Binanızın deprem güvenliğini sorgulayın
Deprem hasarlarını en aza indirmek için daha fazla önlem almak gerekiyor!
Dünyanın en önemli ve hareketli coğrafi kuşaklarından birinde
yer alan Türkiye'de, bugüne kadar ağır kayıpların yaşandığı birçok
deprem meydana geldi. 17 Ağustos 1999 tarihinde gerçekleşen 7,5
şiddetindeki Marmara Depremi'nde resmi raporlara göre; 17 bin 480
kişi hayatını kaybetti, 23 bin 781 kişi yaralandı, 505 kişi sakat
kaldı. 285 bin 211 konut ve 42 bin 902 işyeri de hasar gördü.
Marmara ve ardından 2011 yılında yaşanan Van depremleri,
yüzölçümünün yüzde 92'si deprem kuşağında bulunan ve nüfusunun
yüzde 95'i deprem tehdidi altında yaşayan ülkemiz için ne ilk ne de
son.

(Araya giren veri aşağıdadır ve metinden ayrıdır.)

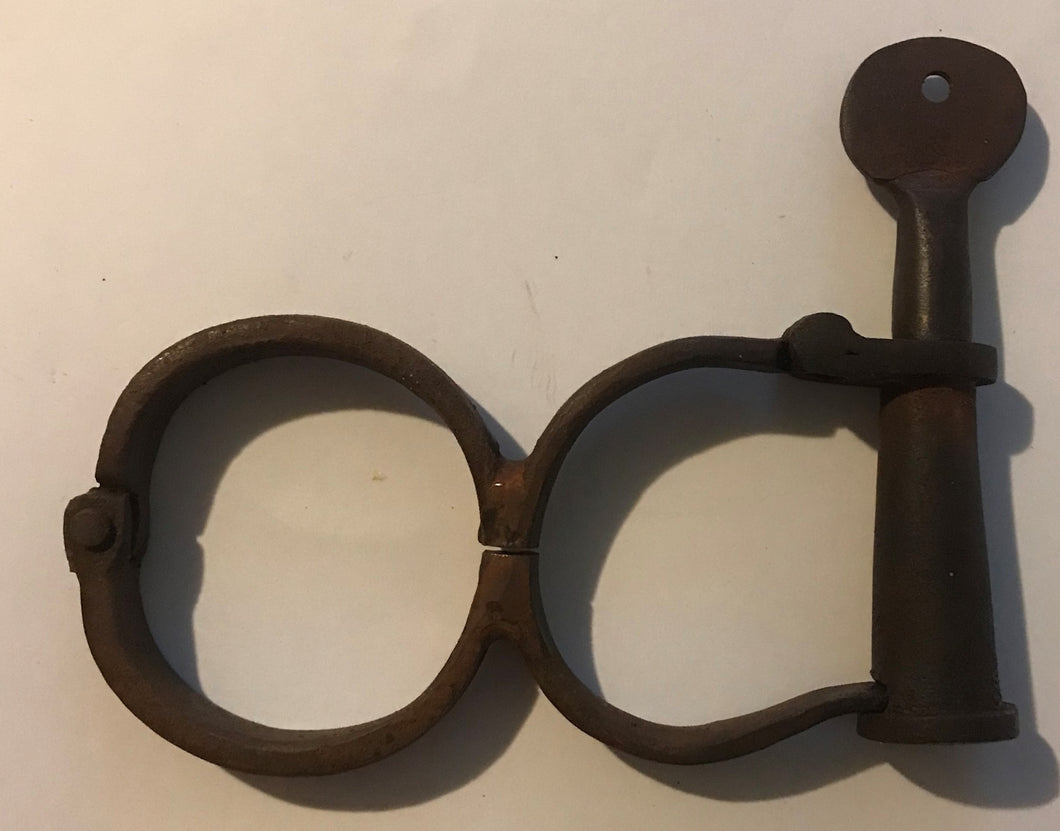Iron handcuffs with key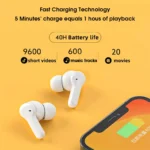QCY T13 wireless earbuds displayed with charging cable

Türkiye'deki 18 milyonu aşan yapı stoğunun yüzde 67'si
ruhsatsız ve kaçak, yüzde 60'ı ise 20 yaşın üzerindeki konutlardan
oluşuyor. Konutların yüzde 45'i oturulamaz durumda ve 6,5 milyon
konutun acilen yenilenmesi gerekiyor. Bu noktada kentsel dönüşüm
Türkiye için adeta bir devrim niteliğinde… Marmara ve Van
depremlerindeki acıları tekrar yaşamamak için inşaat sektöründe
faaliyet gösteren firmalar başta olmak üzere herkese büyük
sorumluluklar düşüyor. Tüketicilerin de bilinçli olması ve
binalarının deprem güvenliğini sorgulaması şart.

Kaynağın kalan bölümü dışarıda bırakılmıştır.